Some considerations:

  1. Would you still be paying your regular monthly payment into the pension pot? If not, then you are not "boosting" your pension by making a one-off payment of £10,000 into it to replace 3 years of monthly £500 payments (which would have been worth £18,000). If you are still planning to make the monthly pension payments, can you afford both the loan and the pension pot repayments?

  2. There are limits on what percentage of your earnings you can put into pension in any one year. You would need to make sure you are not infringing those if you put a large lump sum in.

  3. The benefit of taking the loan and putting the lump sum into the pension, rather than just paying what you would have paid as loan repayments directly into the pension on a monthly basis, is that you're hoping the pension will outperform the loan interest. However, that is a fairly significant risk. Also, if you pay a lump sum into the pension you don't get the "smoothing" effect that you get with regular monthly payments.

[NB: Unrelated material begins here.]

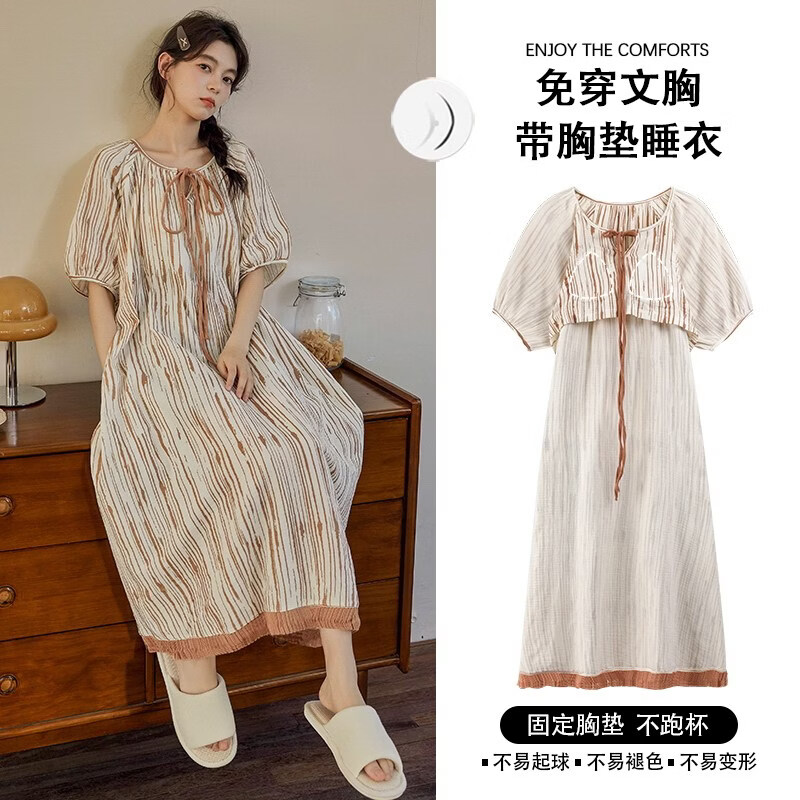 猫人睡裙女士带胸垫夏季短袖睡衣新款中长款荷叶边卷边家居服 黑灰条纹 【布料柔软-免穿文胸】 2XL 【推荐体重约140-160斤】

  4. If you get made redundant or suffer some life changing accident or illness, you can stop making additional pension payments but if you took out a loan you are still liable to repay it (and you can't withdraw the money back out of your pension to do that).

Overall, I personally would not do this. If I was worried about my pension I would boost my regular payments into the pension instead. However, it doesn't seem like financial suicide either... just a risk that is not worth the small benefit it might bring.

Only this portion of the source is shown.